The Rechtwijzer generated a major amount of coverage around the world for both elements of its innovation. HilL led a drive to sell its package in other jurisdictions. In England and Wales, Relate (formerly the National Marriage Guidance Council) initially sought to develop a version including online mediation but then subsequently halted its development (on which we hope to have a contribution next week). In British Columbia, the Legal Services Society used its interactive possibilities for advice in its MyLawBC programme. However, wider sales were not forthcoming in sufficient numbers to generate the kind of income for which HiiL had hoped.

As might be expected, the new team are bullish about their prospects.  Laura Kistemaker said:

After two years of experience with people organising their divorce through Rechtwijzer we have an amazing proof of concept. We learned so much about what users liked about it and what they wanted to see changed. We had lawyers getting used to work with it, we could show government that it worked for people. Now we will take these insights and consolidate it into a new platform that will continue to be improved based on user feedback. Our focus will be to set up a social enterprise that can deliver services independently of government funding. We hope to become the platform people will turn to in difficult times of separation. And we will work hard to offer them the structure, control and expertise help they need to make a good separation plan and finalise their divorce.

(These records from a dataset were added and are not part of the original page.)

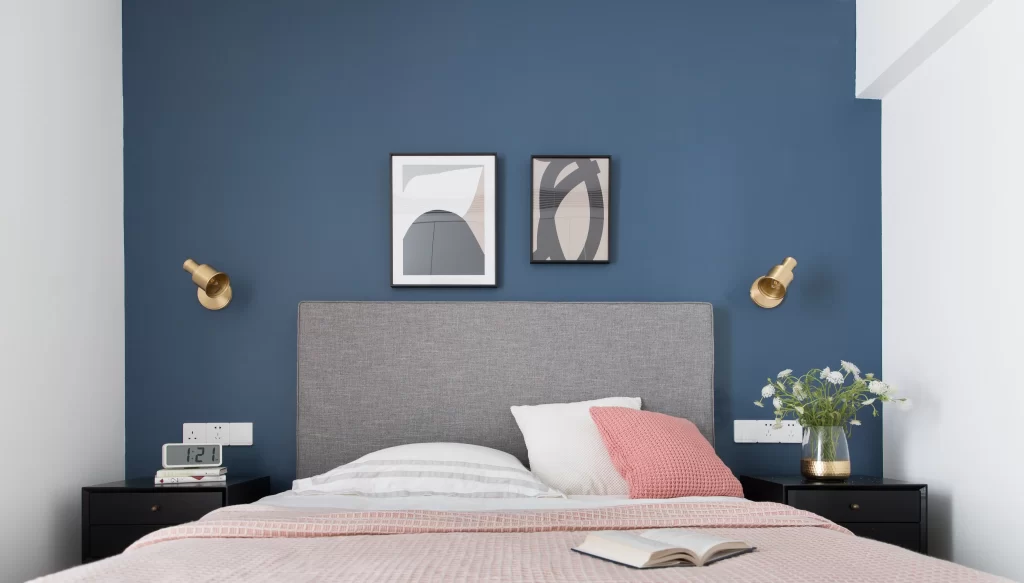 Bedroom Contemporary Blue Gray Neutral Textured Accents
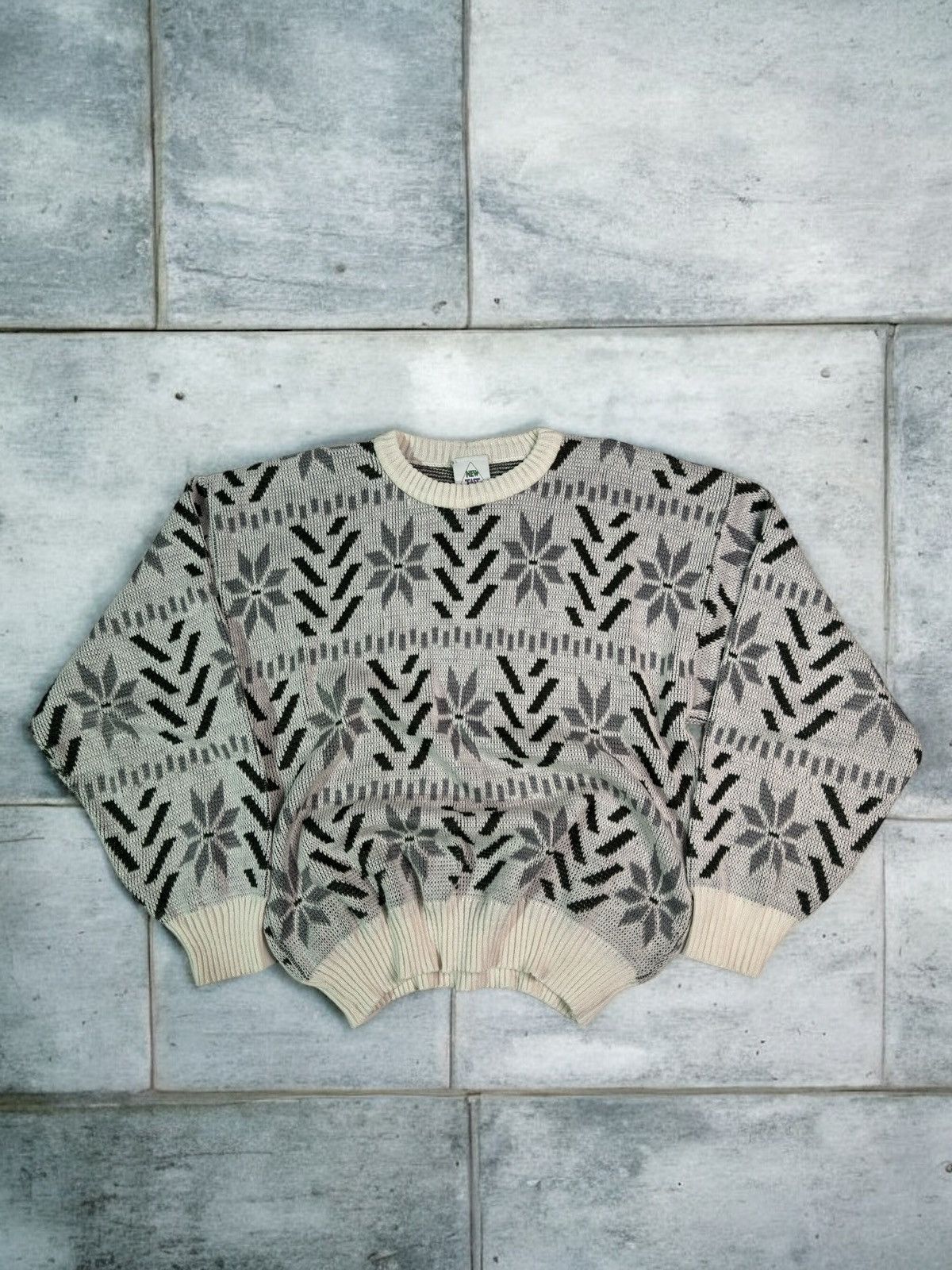 Japanese Brand × Vintage Vintage 90s crazy pattern knit sweater avant garde coquette Size US M / EU 48-50 / 2 - 1 Thumbnail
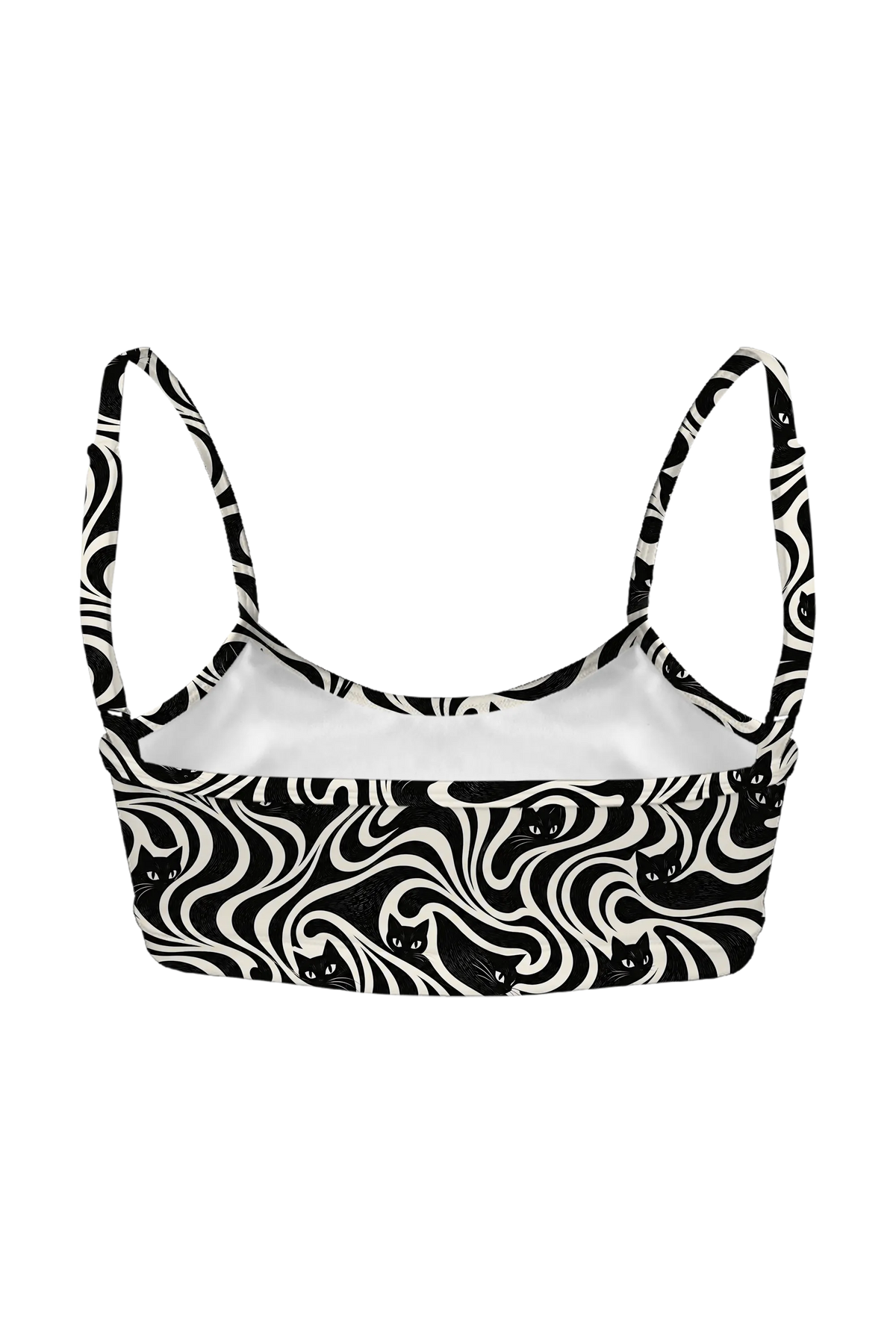 Black Cat Swirl bralette, back view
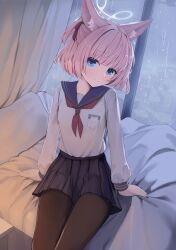  1girl absurdres animal_ear_fluff animal_ears armband black_pantyhose blue_archive blue_eyes blue_halo blue_sailor_collar blue_skirt commentary curtains fox_ears fox_girl half_updo halo hands_on_bed head_tilt highres light_blush long_sleeves looking_at_viewer neckerchief niko_(blue_archive) nomi_(gpjg7877) pantyhose pink_hair pleated_skirt rain red_armband red_neckerchief sailor_collar school_uniform short_hair sitting skirt smile solo tactical_school_uniform throat_microphone window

The Dutch Legal Aid Board remains well disposed to its wayward child and it looks as if it will assist in  through help on guided pathways on Rechtwijzer and feeding in the experiences of its national network of legal counters, the Juridisch Loket, and its other front line legal services – whose role will be strengthened under new legislation proceeding through the Dutch legislative process.

So, for the Netherlands, the project will continue and we will see what happens.

The rest of the world has to digest the lessons. Some will, no doubt, say that this proves the foolishness of seeking digital solutions. They are too expensive for governments to fund and public funders cannot be as agile as private ones. Users, at this point, are wary of funding digital solutions to their problems out of their own money. On the other hand, it is not always the early adopters of new technologies that win out in the end. Skype was not the first video communication programme to run on the net: just one of the most successful. HilL was forced to be self-financing and there was dwindling public subsidy for this project precisely at the point where it became most ambitious in its move from version 1.0 to 2.0. It may be little short-term consolation but those behind the Rechtwijzer are likely, in the long term, to see the vindication of both of their innovations – interactive advice and its integration with online dispute resolution. You can already see other developments that will begin to share the global leadership in the transformation necessary for advice to adapt to the possibilities of the internet. It is clear that chatbots will develop to be able to handle more sophisticated information and advice in what could become very exciting developments. Down in Australia, there is the fascinating deployment of artificial intelligence to leverage Cate Blanchett’s contribution to an interactive introduction to a new disability insurance scheme.

And we still have and, indeed, the BC Conflict Resolution Tribunal’s Solution Explorer as world-leading examples of the possibilities of interactive advice whose approach is based, directly or indirectly, on the Rechtwijzer experience.